Después de un invierno particularmente frío y riguroso, el anciano anunció que iban a viajar a Rumania para visitar sus tierras. Se envió un mensaje previo al vasallo que gestionaba la finca, para que pudiera poner en orden sus cuentas y lo preparara todo para la visita del físico. Se obtuvo el permiso del conde, y se adquirió un segundo caballo para que lo montara Adair durante el viaje. Cuando llegó la hora de partir, solo se empaquetaron unas pocas provisiones, algo de ropa y dos pequeños cofres cerrados. Partieron después de la puesta del sol, adentrándose en la noche rumbo al este.
Después de siete noches de viaje, estaban en pleno territorio rumano y habían atravesado un paso en las faldas de los Cárpatos para llegar a las tierras del anciano.
– Nuestro viaje ha terminado -le dijo el viejo a Adair, indicando con la cabeza una luz que brillaba débilmente en un castillo lejano.

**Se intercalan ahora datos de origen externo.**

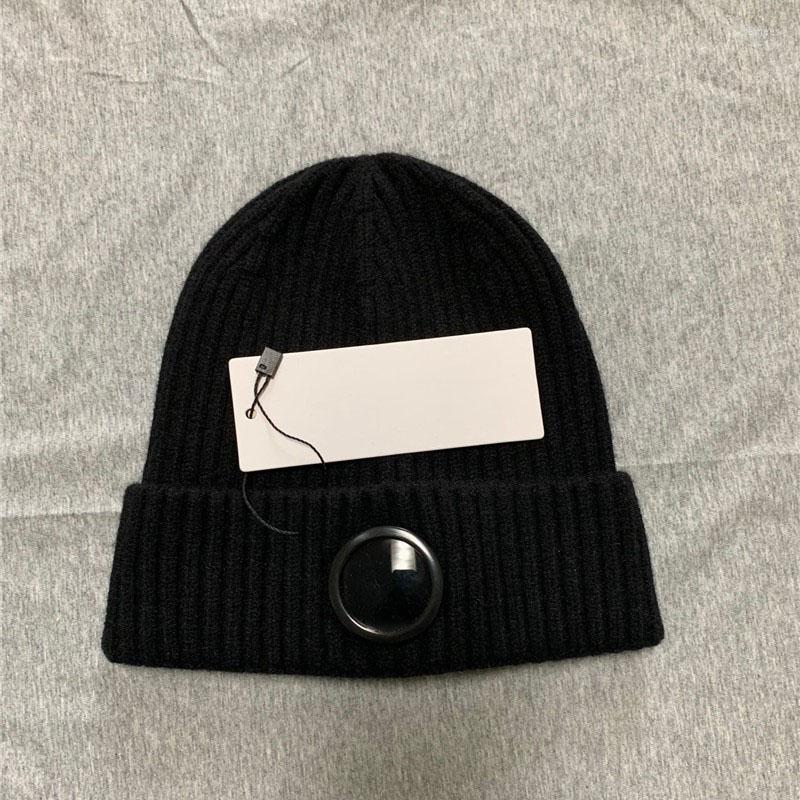 Hats Scarves Sets Beanies 2022 Winter Glasses Hat Men Cp Ribbed Knit Lens Beanie Hip Hop Knitted Hats6870309.
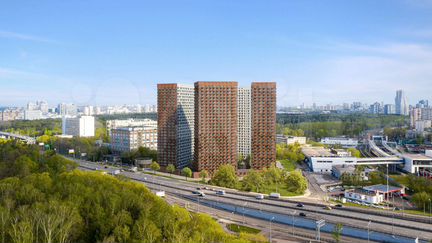 1-к апартаменты, 44.7 м², 4/28 эт.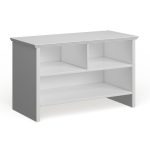 Candace White Wood Shoe Bench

El castillo era imponente, una fortaleza cuadrada con altos torreones en las esquinas, y resultaba claramente visible a la luz de la luna. El último tramo del camino los llevó a través de campos fértiles, viñedos pegados a la ladera de la montaña y ganado durmiendo en los prados. Los enormes portones se abrieron cuando la pareja se acercaba, y en el patio aguardaba una cohorte de sirvientes, con antorchas en alto. Un hombre mayor estaba a la cabeza del grupo, sosteniendo un abrigo de piel que colocó sobre los hombros del físico en cuanto el anciano desmontó.
– Confío en que su señoría haya tenido buen viaje -dijo con el afán complaciente de un sacerdote, mientras seguía al físico por los anchos escalones de piedra.
– Estoy aquí, ¿no? -le espetó el anciano.
Adair no perdía detalle de la fortaleza mientras entraban. El castillo era enorme, viejo pero bien conservado. Vio que los sirvientes tenían la misma expresión de terror que suponía que tenía él. Uno de los lacayos le cogió del brazo y lo condujo a la cocina, donde le sirvieron exquisitas carnes y aves asadas, y después lo llevaron a una pequeña habitación. Aquella noche, Adair se hundió en un auténtico colchón de plumas, abrigado con una manta con remates de piel.